The US City With The Largest Oktoberfest

The first Oktoberfest was a horse race held in Munich in 1810 to celebrate the marriage of the German Crown Prince Ludwig. By 1850, it took the shape of the festival we know today. Around that time, immigrants from Germany began flooding into the United States, many of whom settled in a region known as the German Belt in the upper Midwest, spanning from Massachusetts to Minnesota. In 1861, the first American Oktoberfest was held in La Crosse, Wisconsin, and in 1976, the Bavarian festival sprung up in Cincinnati, where it would quickly become the largest in the United States and one of the largest in the world outside of Munich itself.

For one long weekend in late September each year, a mile-long section of Cincinnati along the banks of the Ohio River known as Sawyer's Point and Yeatman's Cove transforms for Oktoberfest Zinzinnati to celebrate the city's German heritage. Festivities include the gemütlichkeit games, aka goodwill games, featuring a pretzel toss and beer stein race, the annual "Running of the Wieners," a hilarious spectacle of wiener dogs dressed as wieners running through the streets, and the world's largest chicken dance.

And of course, there are dozens of vendors serving up German (and German-inspired) food, like goetta, a Cincinnati specialty made from steel-cut oats and ground meat, and lots and lots of beer. After all, in addition to being a major hub in the German Belt, Cincinnati is one of the best cities in America for beer lovers. But to see how deep Cincinnati's German legacy really goes, you'll have to head a mile or so up the road ... and up to four stories underground.

Cincinnati's brewing legacy goes deeper than you probably think

Among the German immigrants settling in the United States in the mid-1800s were brewers who brought a new style of beer — lager — to Cincinnati. Lagers have a longer fermentation process than other beers, which means they need to be aged for six to nine months. Cincinnati's breweries had to get creative to find a way to store massive quantities of beer in temperature-controlled conditions while it aged, and so they installed another German innovation — beer caverns.

Beneath the streets of Over the Rhine, known locally as OTR, lies a network of subterranean vaults some 40 feet deep, where Cincinnati's German brewers once stored barrels of aging lager. But Prohibition, two world wars, and modern refrigeration techniques rendered the caverns obsolete, and the once bustling neighborhood of OTR was all but forgotten — except for a brief moment of infamy when it was named one of America's most dangerous districts in 2009, beating out Compton and Los Angeles.

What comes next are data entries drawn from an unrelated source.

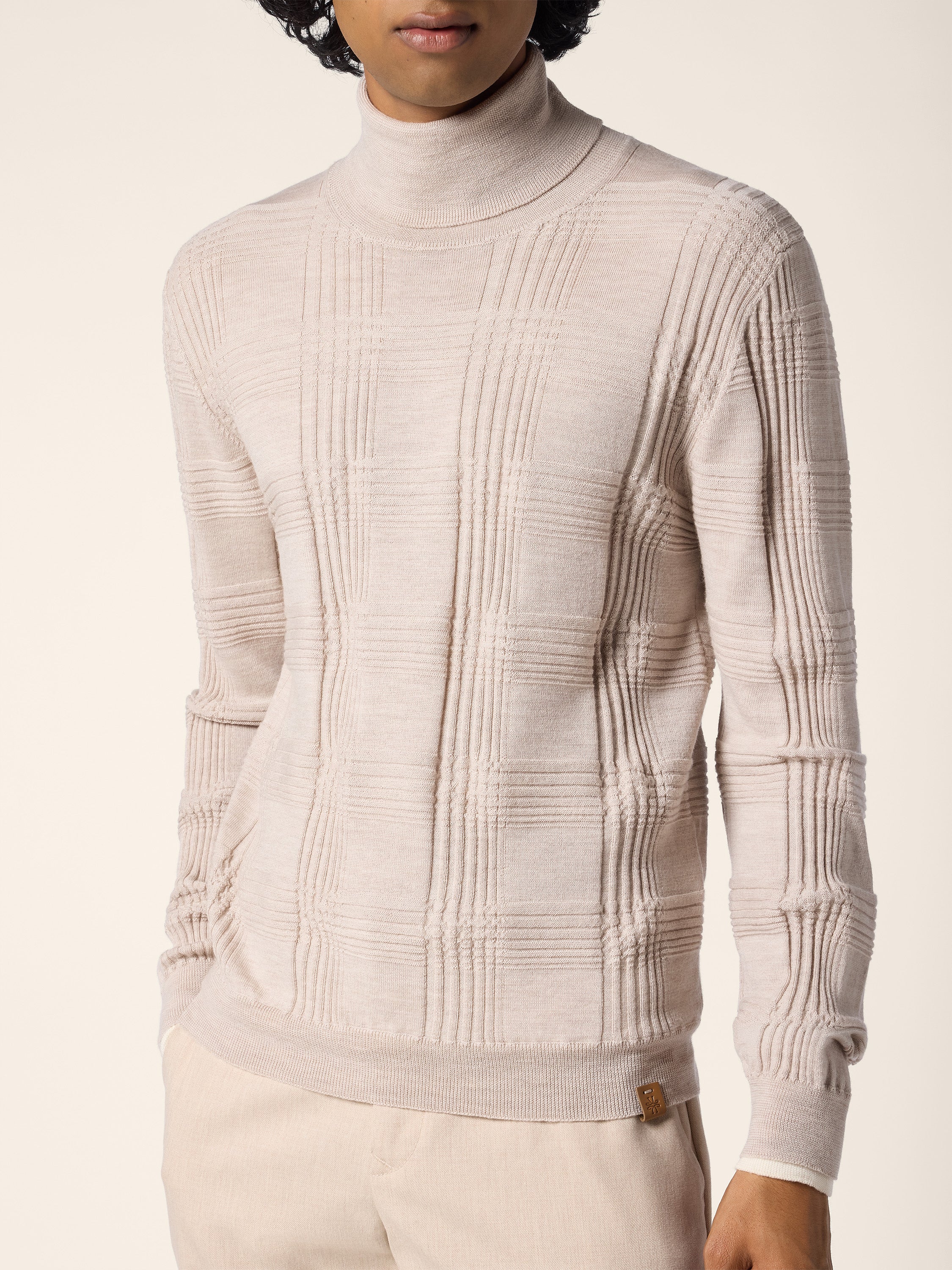Check Wool Turtleneck Top - Image 4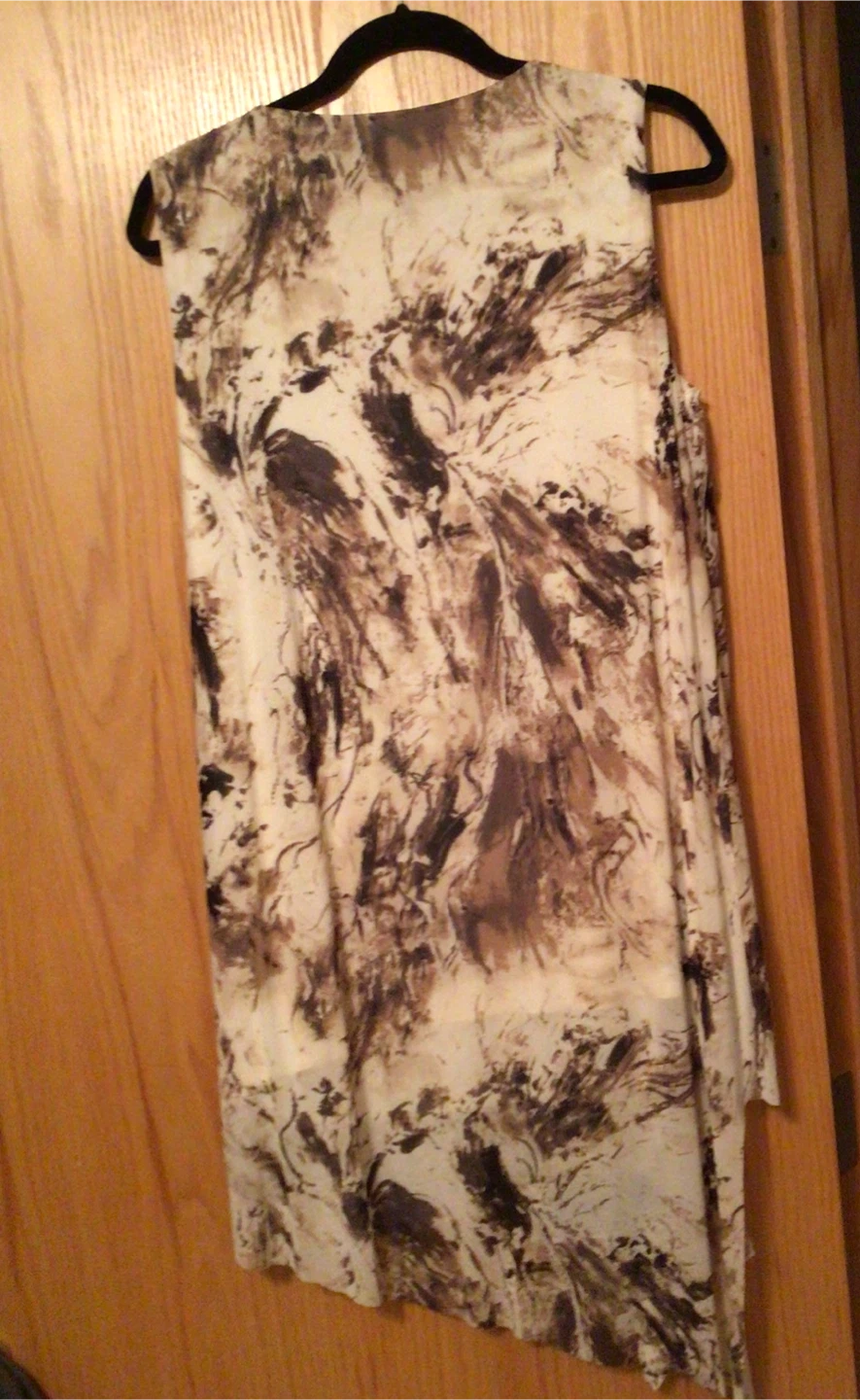 Sleeveless Dress - Size X Large seems more like Large,never worn - photo 3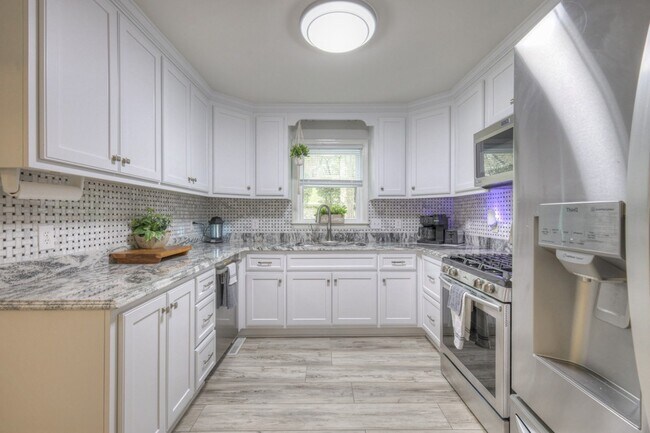 Foto del edificio - 204 Hogan Ln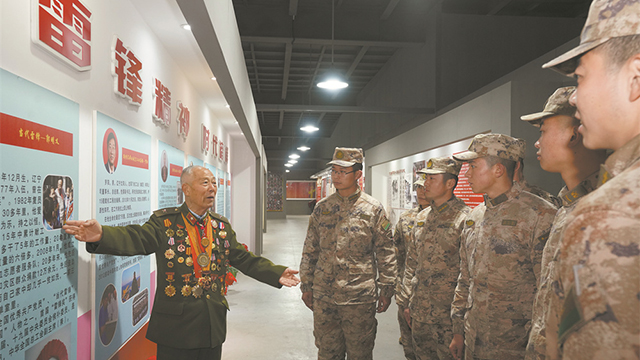 人民子弟兵积极弘扬雷锋精神：我们都是“雷锋传人”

But OTR has experienced a revival in recent years, in part due to the rise of craft brewing. I went to school in Cincinnati from 2007 to 2013, and I remember the moment when OTR's reputation changed, seemingly overnight, into a trendy hipster hot spot. Fortunately, unlike most cities whose brewing infrastructure was destroyed in the age of Prohibition, Cincinnati's caverns are still standing, and some have been unsealed for tourists to visit. If you need to get away from the crowds of Oktoberfest Zinzinnati, hike up the hill to OTR, where you can visit the breweries and experience the city's German heritage for yourself.